Most of the land is brought under cultivation.  Paddy or rice fields provide multiple crops in a year based on monsoon. Coffee (both Robusta and Arabica) is the main plantation crop.  Other crops include black pepper, cardamom and produce of the forest. Good quality honey is abundantly available in this region. Tall straight Nilgiri plantation is found on the southern bank of river Hemavati alongside coffee plantation. Natural forests surround the village.  Wildlife and rich birdlife can also be seen. Teak and sandalwood are abundant.

Because of irregular prices lately people have lost interest in food crops.

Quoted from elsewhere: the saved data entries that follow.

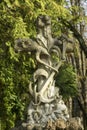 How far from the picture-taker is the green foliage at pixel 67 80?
29031mm

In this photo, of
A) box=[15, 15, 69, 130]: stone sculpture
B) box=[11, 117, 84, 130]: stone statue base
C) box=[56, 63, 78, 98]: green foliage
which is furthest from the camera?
box=[56, 63, 78, 98]: green foliage

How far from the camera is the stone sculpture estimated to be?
41.9ft

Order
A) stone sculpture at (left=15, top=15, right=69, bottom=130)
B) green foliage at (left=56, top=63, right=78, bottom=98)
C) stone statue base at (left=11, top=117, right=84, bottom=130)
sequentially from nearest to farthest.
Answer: stone statue base at (left=11, top=117, right=84, bottom=130)
stone sculpture at (left=15, top=15, right=69, bottom=130)
green foliage at (left=56, top=63, right=78, bottom=98)

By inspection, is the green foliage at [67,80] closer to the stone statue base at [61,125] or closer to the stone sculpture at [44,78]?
the stone sculpture at [44,78]

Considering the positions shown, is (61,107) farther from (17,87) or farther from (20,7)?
(17,87)

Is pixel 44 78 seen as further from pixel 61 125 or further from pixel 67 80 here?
pixel 67 80

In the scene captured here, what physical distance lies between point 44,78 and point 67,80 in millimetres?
16572

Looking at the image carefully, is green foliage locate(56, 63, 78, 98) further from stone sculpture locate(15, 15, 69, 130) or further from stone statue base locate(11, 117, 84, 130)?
stone statue base locate(11, 117, 84, 130)

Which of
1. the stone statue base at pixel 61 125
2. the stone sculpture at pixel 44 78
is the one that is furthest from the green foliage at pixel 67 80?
the stone statue base at pixel 61 125

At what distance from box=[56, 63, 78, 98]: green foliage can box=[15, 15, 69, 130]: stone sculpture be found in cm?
1505

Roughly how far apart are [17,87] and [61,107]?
11.5m

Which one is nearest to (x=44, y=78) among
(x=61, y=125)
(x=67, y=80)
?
(x=61, y=125)

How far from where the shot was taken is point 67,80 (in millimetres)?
30031

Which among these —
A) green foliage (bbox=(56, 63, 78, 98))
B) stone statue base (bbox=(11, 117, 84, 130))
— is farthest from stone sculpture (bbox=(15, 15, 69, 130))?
green foliage (bbox=(56, 63, 78, 98))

Economic crops have taken the place of food crops, and more land is used for that purpose.

People 
Generally lifestyle is slow-paced and people do live cordially irrespective of caste and religious differences.  Although Gowdas are economically dominant, Bunt   and Billava are the immigrant Tuluva communities from adjacent Dakshina Kannada also are seen.  The Muslim community can be identified as local Deccani (a dialect of Urdu and Hindi) speaking farmer community and immigrant Byari business community.  A good number of Christians belonging to Roman Catholic speaking Konkani and some Protestants also are inhabitants of Banakal. Byari and Kannada are main business language in Banakal.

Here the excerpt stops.